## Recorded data
----------
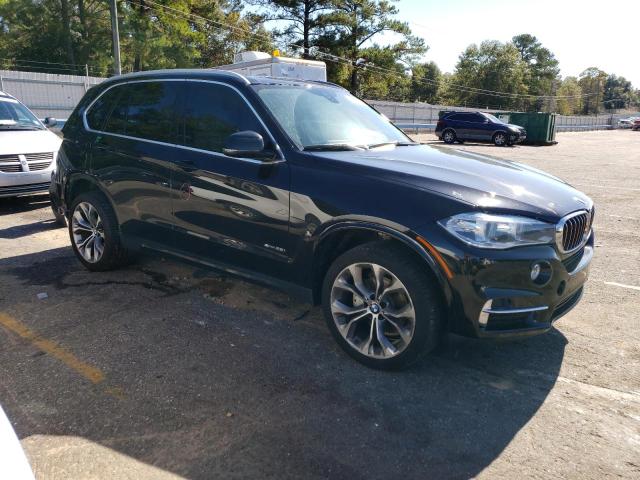 Photo 4 from auction – 2016 BMW X5 XDRIVE3 with VIN 5UXKR0C56G0U10039
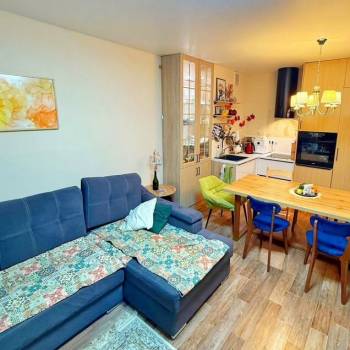 Продается 3-х комнатная квартира, 81,2 м²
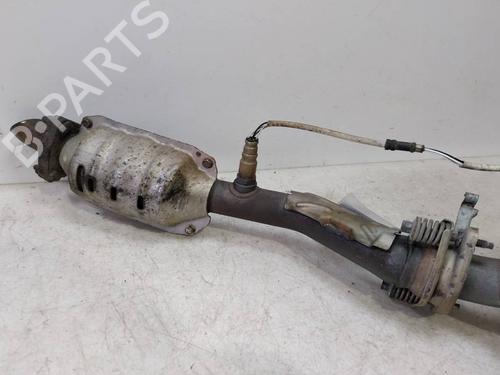 Catalyst HONDA JAZZ IV (GK_) 1.3 | BP39767317M10 - Image 6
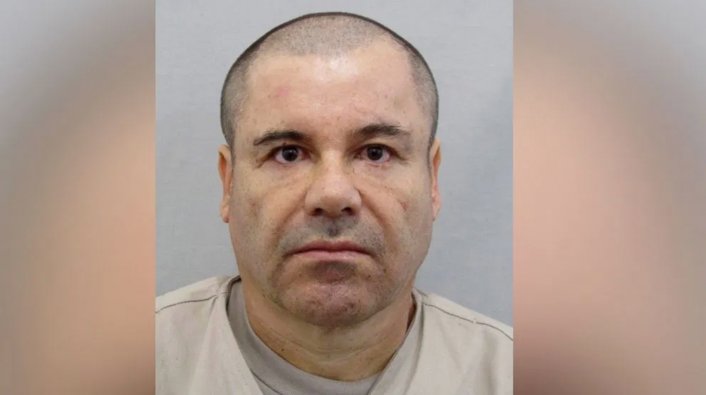Image: El Chapo Says Prison Conditions are 'Torture,' Asks to Be Sent to Mexico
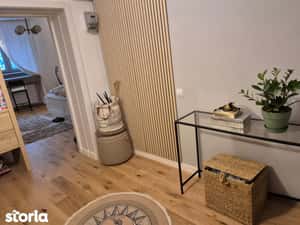Apartament ultracentral, 3 camere în vilă, intrare separată, terasă. — miniatura 5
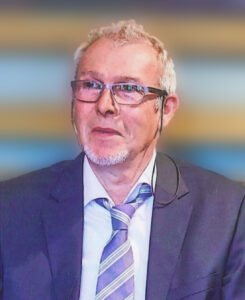 Marc Ronsmans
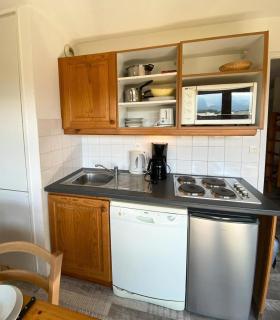 Les Chalets De Superd Bleuet - 2 Pièces pour 6 Personnes MAE-8844 - 5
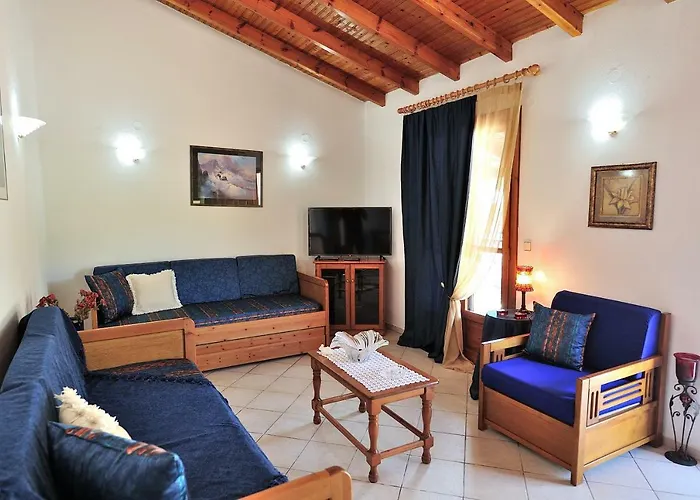 Anastazia Paradise Casa vacanze *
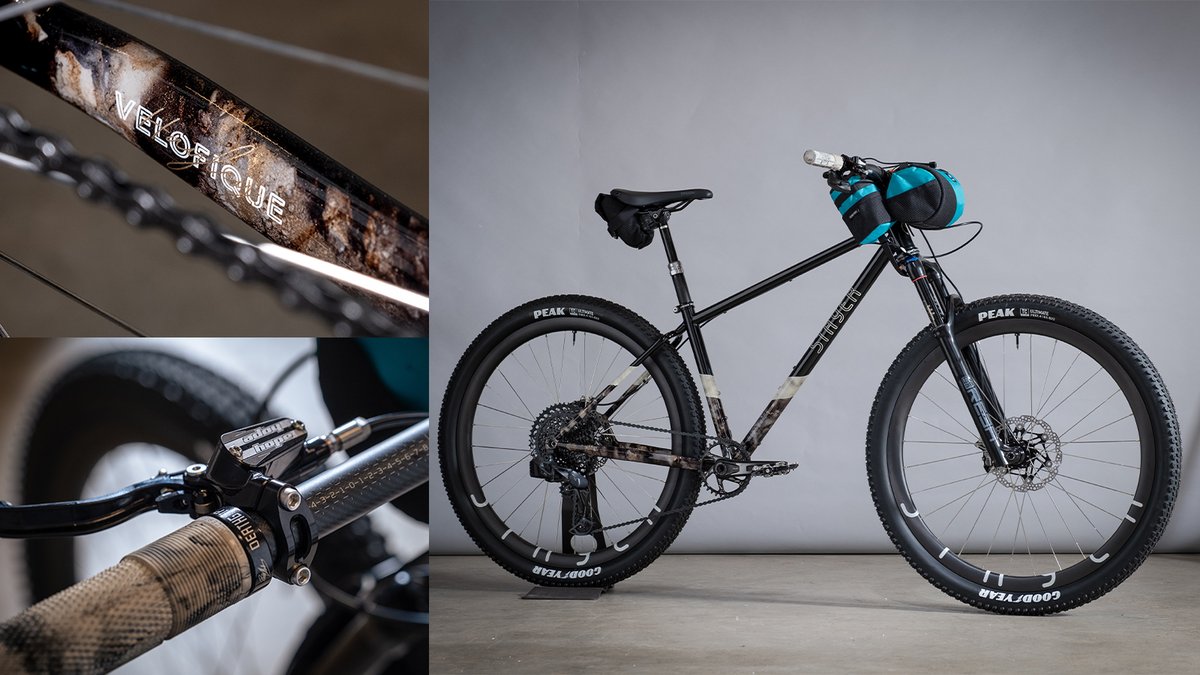 Stayer Cycles tweet media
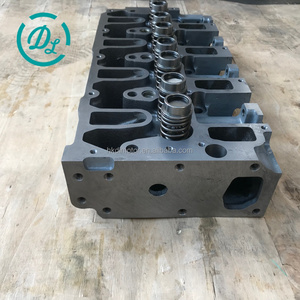 ชุดประกอบฝาสูบ EexcavaStart D4D รุ่น 20450704 อะไหล่ทดแทนสำหรับเครื่องยนต์วอลโว่ อะไหล่รถขุดสำหรับงานหนัก - Product Image 5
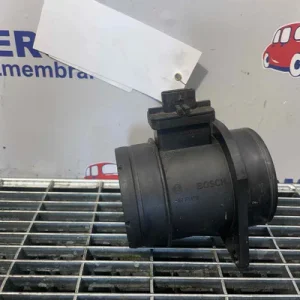 DEBITMETRU AER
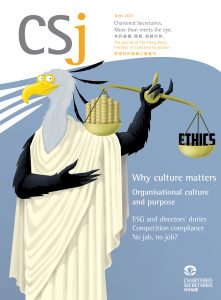 Why culture matters – Organisational culture and purpose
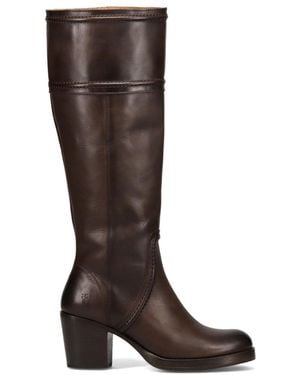 Frye Premium - Brown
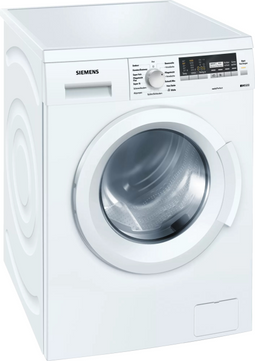 Siemens WM14Q441 - Wasmachine - 7 kg - iQdrive - varioPerfect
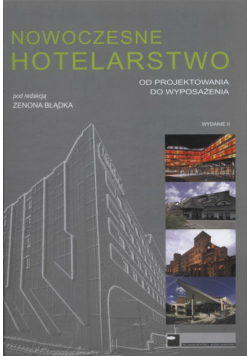 Nowoczesne hotelarstwo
----------
## PROBLEM
Every record above must be given again exactly; drop the pictures.

## EXPECTED ANSWER
 Photo 4 from auction – 2016 BMW X5 XDRIVE3 with VIN 5UXKR0C56G0U10039
 Продается 3-х комнатная квартира, 81,2 м²
 Catalyst HONDA JAZZ IV (GK_) 1.3 | BP39767317M10 - Image 6
Image: El Chapo Says Prison Conditions are 'Torture,' Asks to Be Sent to Mexico
Apartament ultracentral, 3 camere în vilă, intrare separată, terasă. — miniatura 5
 Marc Ronsmans
 Les Chalets De Superd Bleuet - 2 Pièces pour 6 Personnes MAE-8844 - 5
 Anastazia Paradise Casa vacanze *
 Stayer Cycles tweet media
 ชุดประกอบฝาสูบ EexcavaStart D4D รุ่น 20450704 อะไหล่ทดแทนสำหรับเครื่องยนต์วอลโว่ อะไหล่รถขุดสำหรับงานหนัก - Product Image 5
 DEBITMETRU AER
 Why culture matters – Organisational culture and purpose
 Frye Premium - Brown
 Siemens WM14Q441 - Wasmachine - 7 kg - iQdrive - varioPerfect
 Nowoczesne hotelarstwo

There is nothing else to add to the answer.